Standing on the broad steps of the New York Library on Fifth Avenue and 42nd Street awaiting the arrival of the IRA’s former chief of staff was quite an exciting experience, especially for a naïve teenage undergraduate such as I was then.

Living in west Belfast in the midst of ‘The Troubles,’ I imagined it could conceivably have been a key scene from a movie about a clandestine guerrilla operation.

But it was nothing like that.

By then, Seán Cronin, the IRA’s former chief of staff and mastermind of Operation Harvest, a campaign that carried out military operations on British security installations, was a well-respected author, academic and US correspondent for The Irish Times. In contrast, I was a humble humanities student at the Ulster Polytechnic, now the University of Ulster, working part-time in the Celtic Bar on the Falls Road for disco money.

Seán Cronin

Dungloe-born social activist Peadar O’Donnell – about whose  life a conference was held this week (see news story below) – had brought us together.

Months before, I had – by chance, for an undergraduate thesis – become one of the last persons to interview Peadar in Dublin just before his death. And Seán was writing a book about the 1930s, a tumultuous period in Irish history when Peadar with Frank Ryan, George Gilmore and others had launched the Irish Republican Congress (the subject of my thesis).

It being a time before Google, Facebook or e-mail – in fact, fax was a new-fangled machine I had only vaguely heard of – neither Seán nor I knew what each other looked like. And as there were scores of people lingering on those broad library steps that sunny summer’s day so many years ago, meeting up wasn’t so easy.

But eventually we did, Seán saying later – half-jokingly – that his past training had helped him scope out the situation and pick me out as “the Belfast boy among the Yanks.’

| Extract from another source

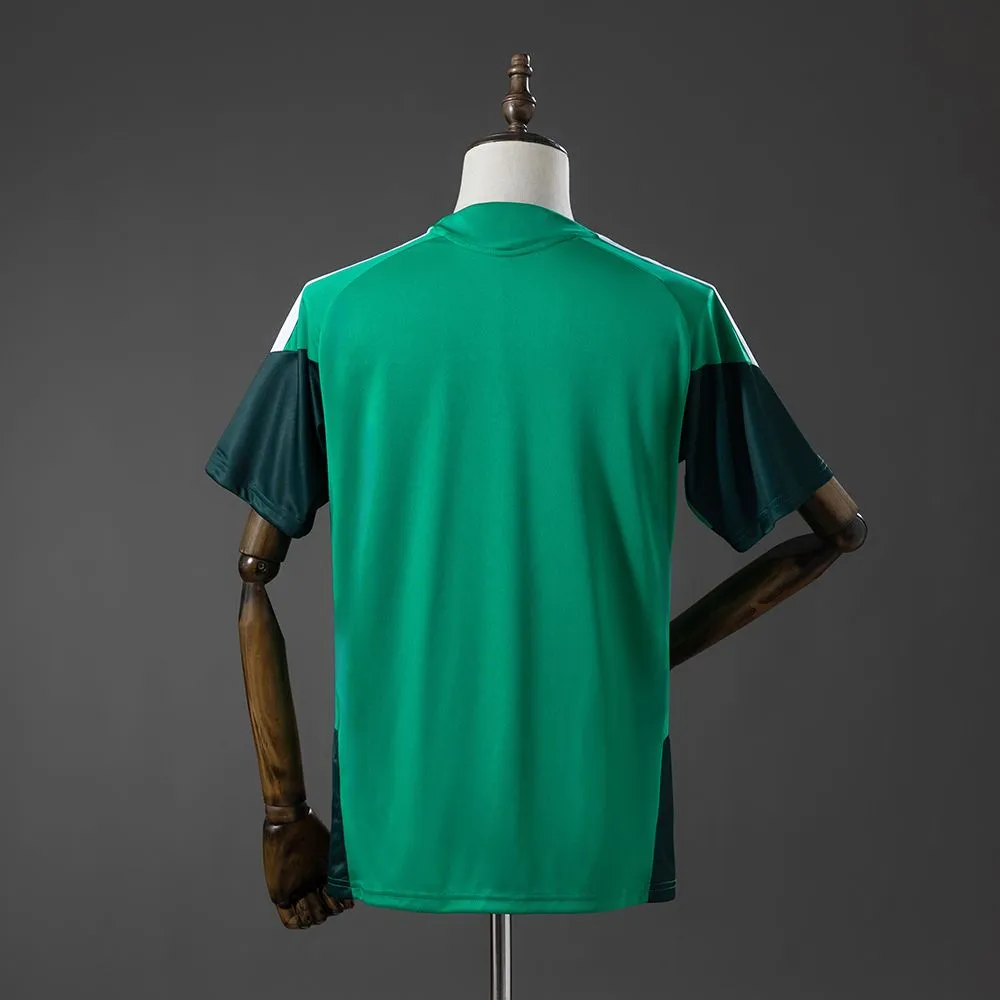 Algeria 2026 Training Jersey Green Foto 2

After introductory formalities including my proudly handing over my thesis (part of which he later published in his book), we retreated out of the hot sun into a nearby coffee house. There we spent some time chatting about this and that – his days in the IRA, his arrest and imprisonment, his work as a journalist and not least, the man who had brought us both together, Peadar O’Donnell. Little did I know then, of course, that I too would become an international journalist and live and work in west Donegal as Peadar had.

 

Peadar O’Donnell

Teacher, social activist, soldier, author

As people attending this past weekend’s annual conference in Dungloe learned, Peadar was one of the foremost radicals of twentieth-century Ireland. Born in that town into an Irish-speaking family, he was a teacher on Arranmore Island but by 1919 was a leading organiser of the Irish Transport and General Workers’ Union and had also attempted in Derry to set up a unit of the Irish Citizens Army. Later he joined the IRA and remained active during the Irish War of Independence, leading guerrilla activities in the border area, becoming commander of the IRA’s Donegal Brigade in 1921. He gained a reputation as being headstrong, and sometimes launching operations without orders. Summing up aspects of his character, a speaker at the conference this week said if at a wedding Peadar wanted to be the groom and if at a funeral, the corpse.

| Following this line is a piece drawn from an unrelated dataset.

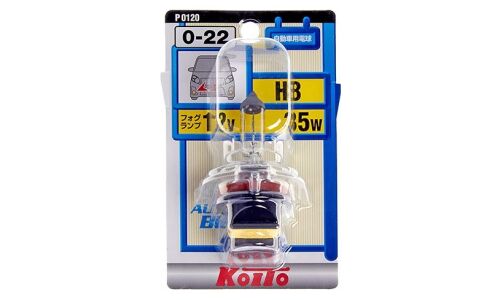 Лампа галогенная Koito Halogen H8 (PGJ19-1, T11), 12В, 35Вт, 3200К, 1 шт, арт, P0120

Opposing the 1922 Anglo-Irish Treaty, Peadar was among the IRA leaders who took over the Four Courts in Dublin and helped spark the outbreak of civil war. Imprisoned in Mountjoy, he participated in a mass Republican hunger strike, resisting for 41 days.

civil war photo

Turbulent times in Ireland’s revolutionary history – radical changes that deeply affected leaders like Peadar O’Donnell and Sean Cronin.

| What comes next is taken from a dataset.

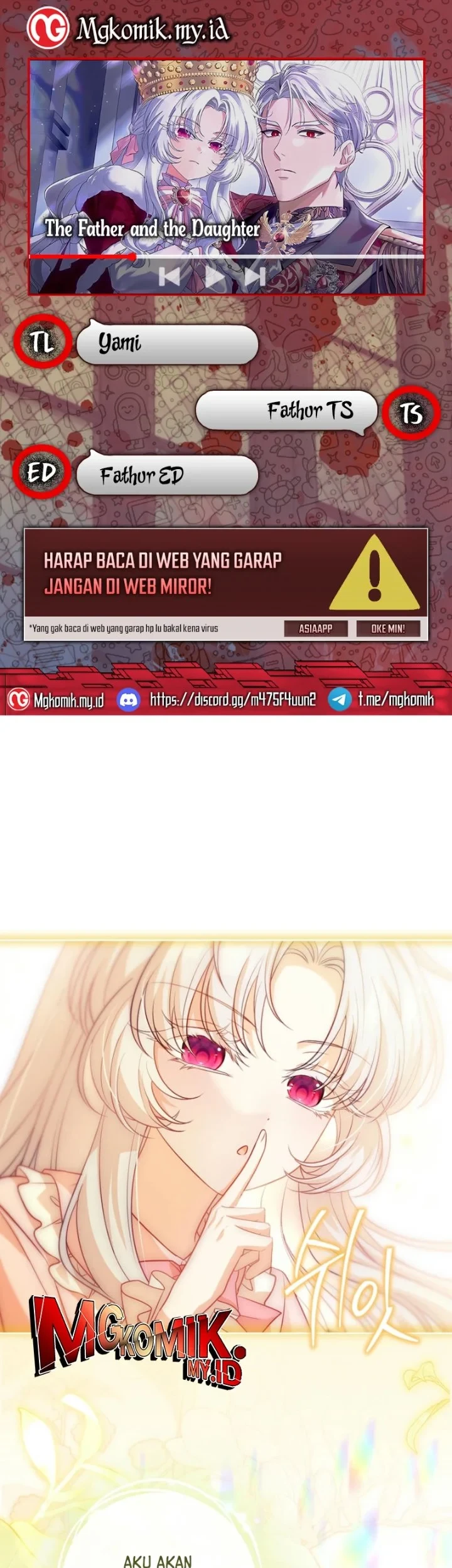 The Father and the Daughter Chapter 4 - halaman 1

Through it all, the west Donegal man saw himself as closely following the principals of James Connolly, seeing the republican cause not solely in Irish nationalist terms. In 1923, while still in prison, he was elected as a Sinn Féin TD for Donegal and after his release took over as the editor of the republican newspaper, An Phoblacht. He did not take his seat in the Dáil and did not stand at the 1927 general election. He tried to steer the IRA in a left-wing direction and founded organisations such as the Irish Working Farmers’ Committee and the Anti-Tribute League, which opposed the repaying of annuities to the British government owed since the Irish Land Acts. He also founded the short-lived socialist republican party, Saor Éire.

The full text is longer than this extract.